Every year, the Library of Congress picks 25 films that are considered artistically or historically important to include in the National Film Registry for preservation, something I've mentioned quite a few times. The selections are announced in December, and in the previous two years, TCM's Ben Mankiewicz sat down with the Librarian of Congress to present a night of that year's selections. This year, TCM moved the night to January, namely tonight; I don't know whether the Librarian of Congress is showing up.
The selection of movies TCM is showing is interesting, but above and beyond that I need to mention it because of some schedule issues. TCM's weekly schedule page is missing two of the selections. One of those is a bit understandable since they picked a 30-minute documentary. The other one is omitted from the online daily/weekly schedule and the monthly schedule.
Everything starts off at 8:00 PM with The Phenix City Story, which is fun and really deserves inclusion even if only for the interviews with the real people involved that kick off the movie. The weekly schedule has a couple of regular (non-National Film Registry) shorts on the weekly schedule that for some reason have been omitted from the daily schedule.
Thankfully, at 10:00 PM, the daily and monthly schedules show I Am Somebody, a half-hour documentary about striking black nurses in South Carolina, a movie that's new to me so I can't comment on it.
At 10:45 PM there's the 1944 Ingrid Bergman version of Gaslight, which is listed as a 114-minute movie in a four-hour slot.

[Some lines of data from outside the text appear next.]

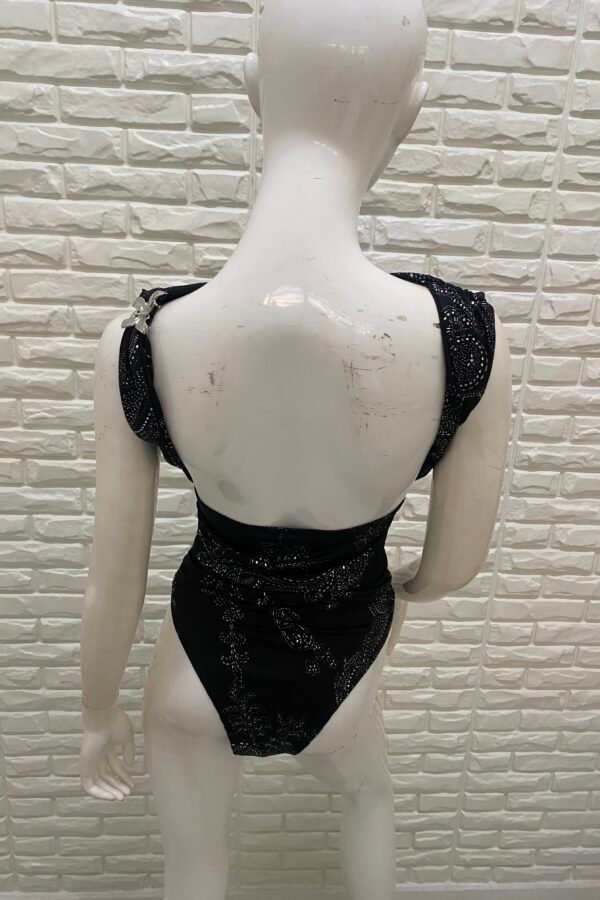 BODY CARLOTA LYCRA ARABESCOS
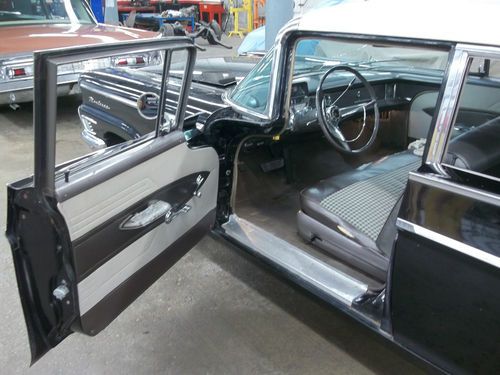 1959 Mercury Monterey Black/White 4 Door Sedan All Original w/ Low Miles, image 20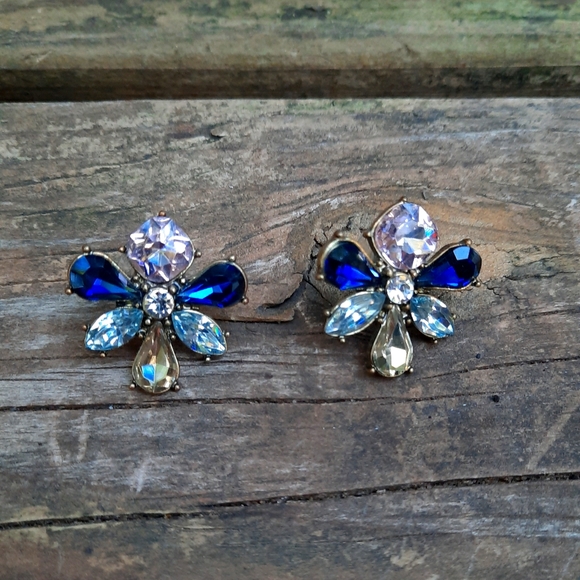 Jewelry - Baublebar Crystal Colors Earrings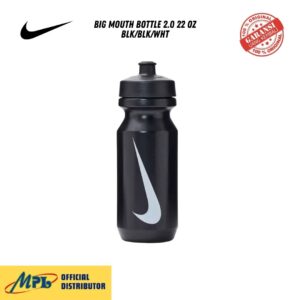 BOTOL MINUM NIKE BIG MOUTH BOTTLE 2.0 22 OZ BLK/BLK/WHT 0042-091.22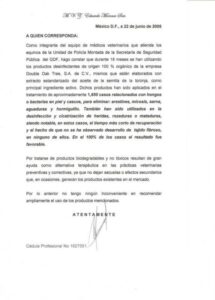 POLICÍA MONTADA DE LA S.S.P.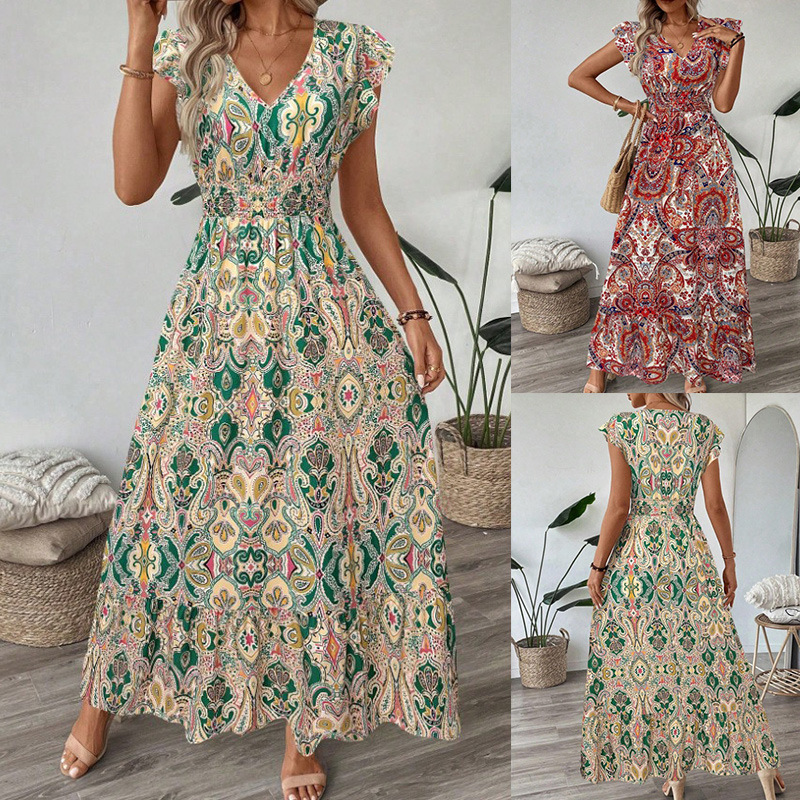 summer long skirt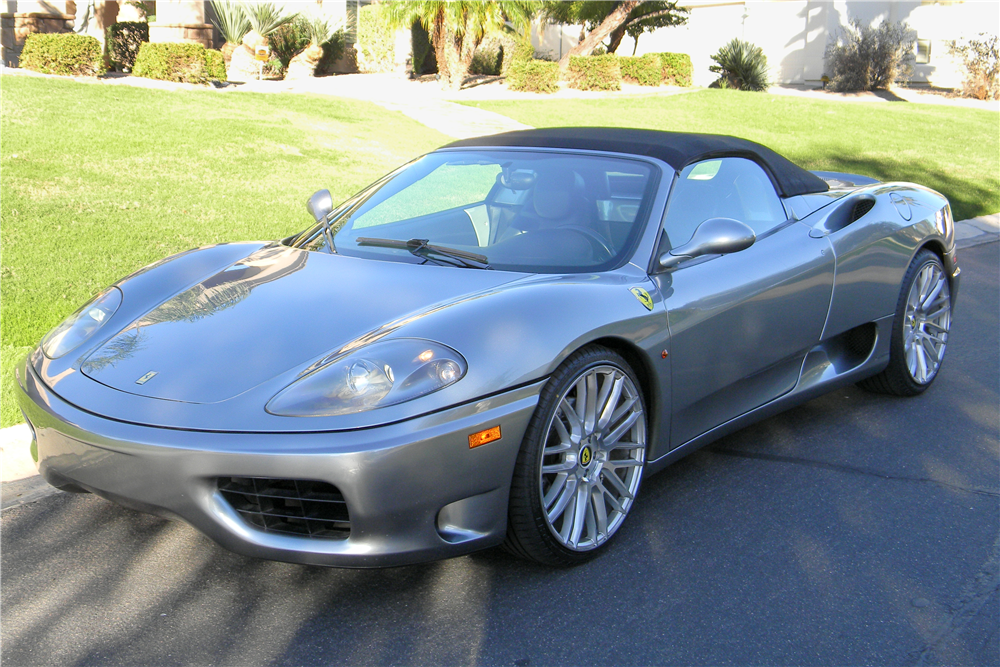 2001 FERRARI 360 F-1 SPYDER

The weekly schedule claims that the 11-minute short R.F.D. Greenwich Village is on at 12:49 AM, with nothing between that and the 2:45 AM feature Girlfriends. What comes on in the intervening time isn't mentioned on any of the TCM schedules I could find, so I had to go to my box guide to see what it said. That says (and the inclusion of R.F.D. Greenwich Village implies the box guide time might just be right) that at 1:00 AM TCM is showing the 1984 documentary Before Stonewall, about the gay rights movement, well, before the Stonewall riots. It's an 87-minute movie, so if it is at 1:00 AM, it's not going to run over the alloted time slot.
Concluding the night is Oscar Micheaux's 1925 movie Body and Soul, which features the film debut of Paul Robeson.